I asked him: ‘Supposing the pope looked up and saw a cloud and said ‘It’s going to rain’, would that be bound to happen?’
Father Mowbray on Rex Mottram, Brideshead Revisited
‘Oh, yes, Father.’
‘But supposing it didn’t?’
He thought a moment and said, “I suppose it would be sort of raining spiritually, only we were too sinful to see it.’”
Be grateful the Reserve Bank didn’t lift interest rates yesterday. You may think that the economy is struggling just to draw breath, but don’t be fooled — there is “continuing excess demand in the economy”.
This may seem curious, given that the national accounts for the December quarter showed household demand rose just 0.1%, monthly household spending was in the doldrums in January, and the Australian Bureau of Statistics described January retail sales figures as “stalling”.
Indeed, even the RBA admits that “the December quarter national accounts data confirmed growth has slowed”. Not, of course, that this has anything to do with the RBA and its unnecessary, ideologically motivated rate hike in November led by a newbie governor anxious to impress financial markets.
But excess demand is, nonetheless, a problem.
“There are uncertainties regarding the lags in the effect of monetary policy and how firms’ pricing decisions and wages will respond to the slower growth in the economy at a time of excess demand,” governor Michele Bullock thoughtfully offers in her post-meeting statement. The labour market remains tight, she laments as well. She sees “conditions in the labour market continue to ease gradually, although they remain tighter than is consistent with sustained full employment and inflation at target”.
That is, we’re going to need more unemployment before anyone gets an interest rate cut.
On the more positive note for Bullock, she says “wages growth picked up a little further in the December quarter, but appears to have peaked with indications it will moderate over the year ahead.” Phew — thank goodness workers only got five minutes of economic sunshine after a decade of wage stagnation and 18 months of big real wage cuts.

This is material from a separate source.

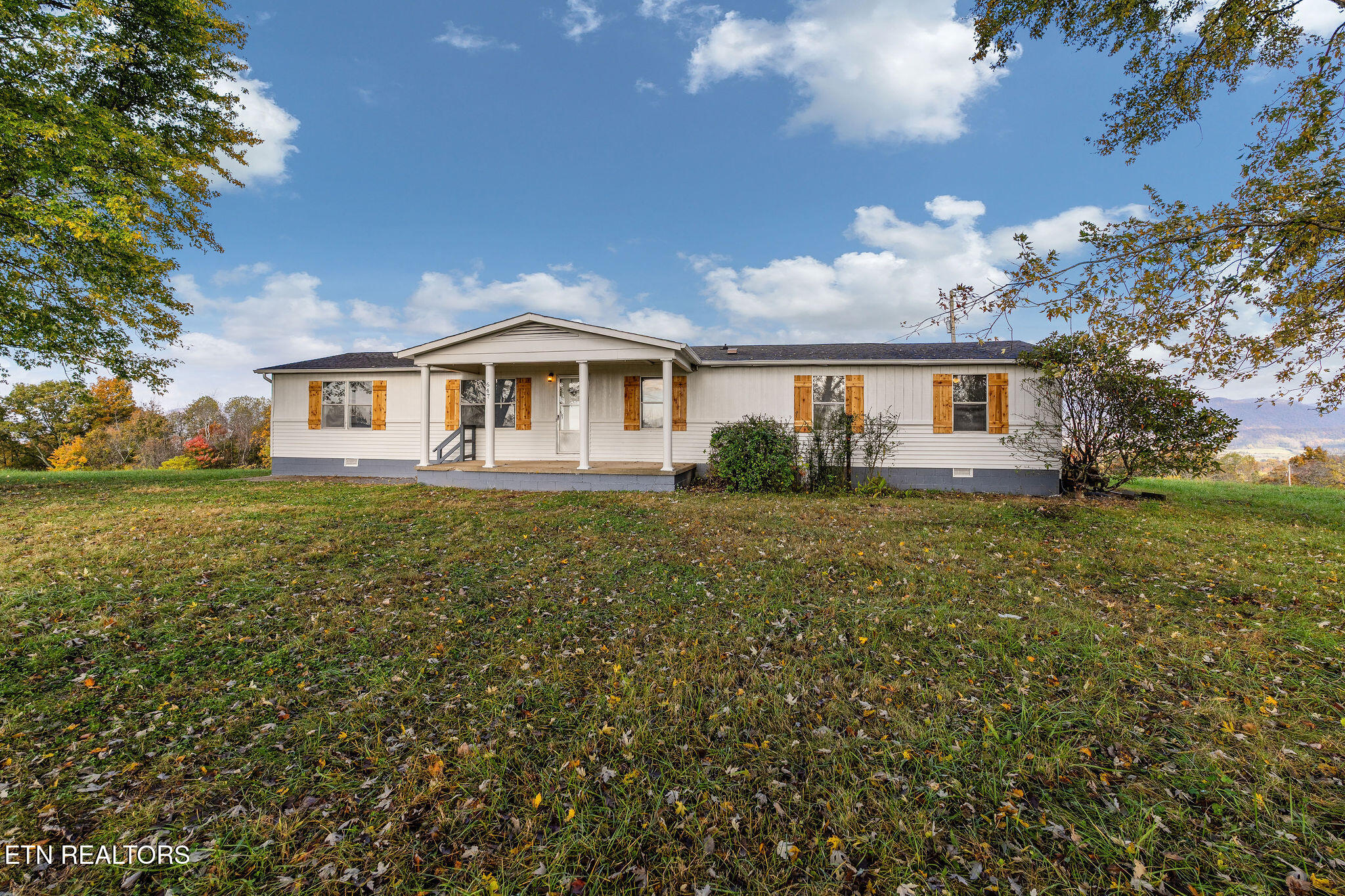 647 Dividing Ridge Rd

Still, watch out — the “level of wages growth remains consistent with the inflation target only on the assumption that productivity growth increases to around its long-run average”.
Seems like Bullock hasn’t gotten around to reading the Productivity Commission’s recent dissection of the “productivity crisis” myth. But, to her credit, she rejected the absurd Financial Review effort to hype last week’s welcome final aged care remuneration decision by the Fair Work Commission as inflationary, describing the pay rise as very worthy and unlikely to make a “measurable” difference to inflation. Beating up on aged care workers is a step too far at the RBA, if not in the media.
But what’s driving the excess demand if, by the admission even of the RBA, “household consumption growth remains particularly weak”? Is the famous “business liaison” of the RBA telling them that business investment is going berserk? Has falling public investment in the December quarter turned around this quarter and is now going great guns?
Or perhaps, like Rex Mottram, we are just too sinful to see the excess demand? Like the wage-price spiral forever imminently about to erupt, and the lazy workers causing a productivity crisis, perhaps it’s a phenomenon that only the most holy of monetary authorities can perceive from their vantage point on the economy at Martin Place, while the rest of us are seduced by devilish delusions of gouging businesses and wages decoupling from productivity in exactly the opposite way to that claimed by business.
In which case, we can only join Augustine in urging the Lord to make us pure — just not yet.